** WHAT THE EXERCISE ASKS **
Without including any picture, transcribe the entries below word for word.

Records from a data source
Start of Block

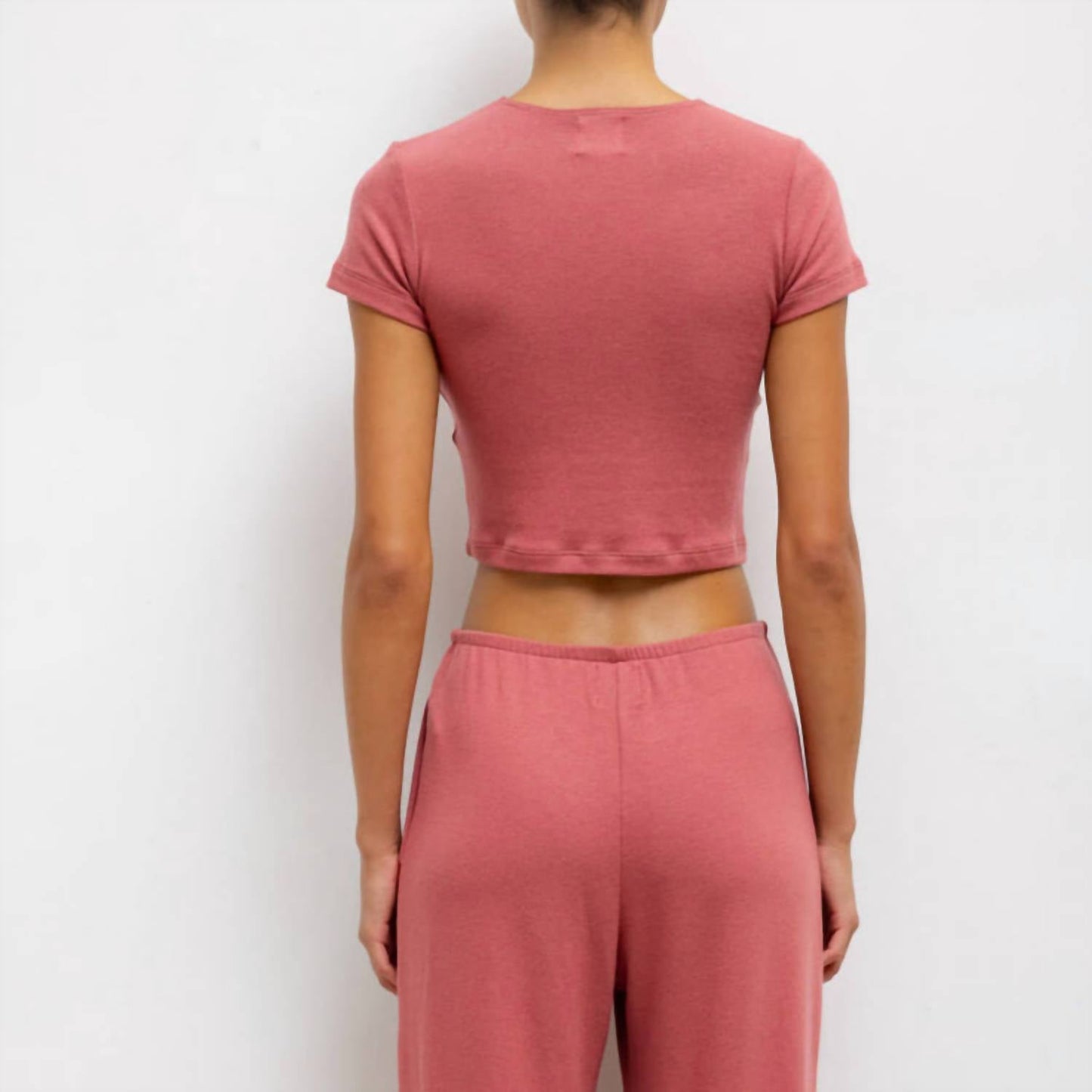 Leset - Lauren Crop Slim Tee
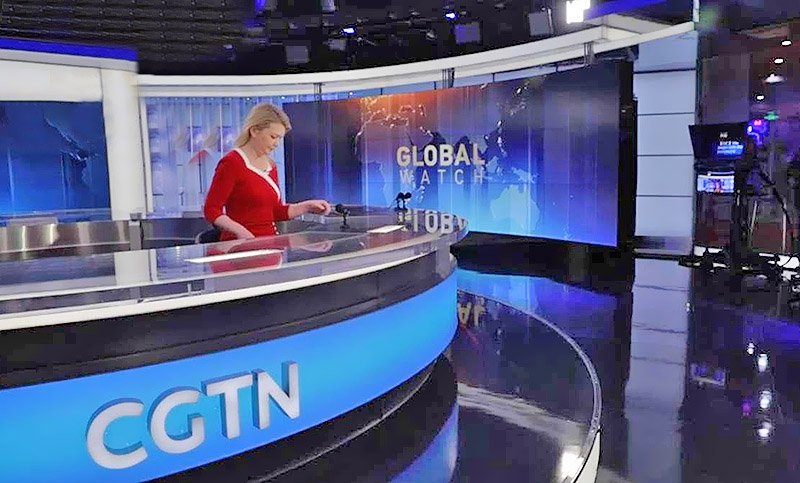 El Reino Unido prohíbe al canal chino CGTN transmitir en territorio británico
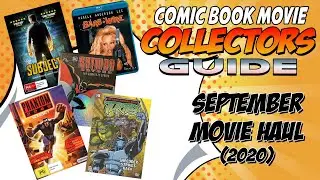 Superhero & Comic Book Movie Haul from September 2020 Collection Update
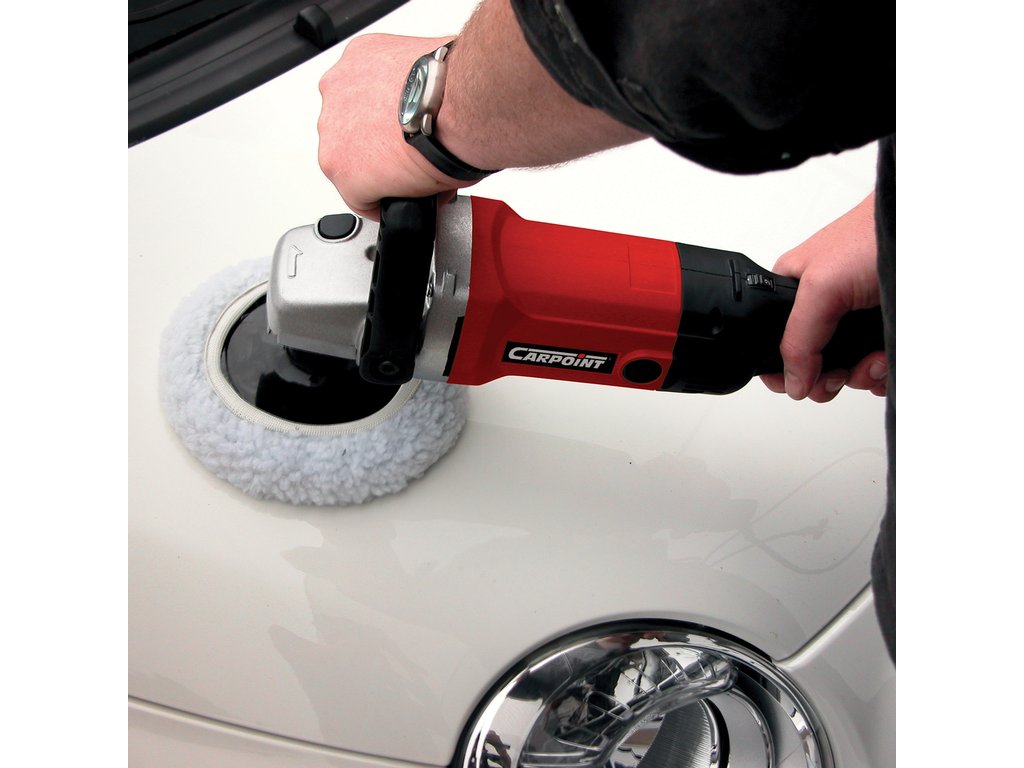Rezerve masina de polishat Carpoint - 1 dura si 1 moale diametru 180 mm , 2 buc.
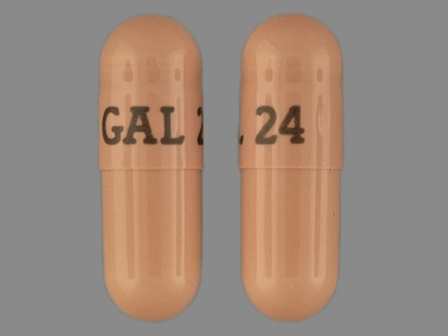GAL 24: (50458-389) Razadyne ER 24 mg 24hr Extended Release Capsule by Janssen Pharmaceuticals, Inc.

End of Block

** WRITTEN REPLY **
 Leset - Lauren Crop Slim Tee
 El Reino Unido prohíbe al canal chino CGTN transmitir en territorio británico
 Superhero & Comic Book Movie Haul from September 2020 Collection Update
Rezerve masina de polishat Carpoint - 1 dura si 1 moale diametru 180 mm , 2 buc.
GAL 24: (50458-389) Razadyne ER 24 mg 24hr Extended Release Capsule by Janssen Pharmaceuticals, Inc.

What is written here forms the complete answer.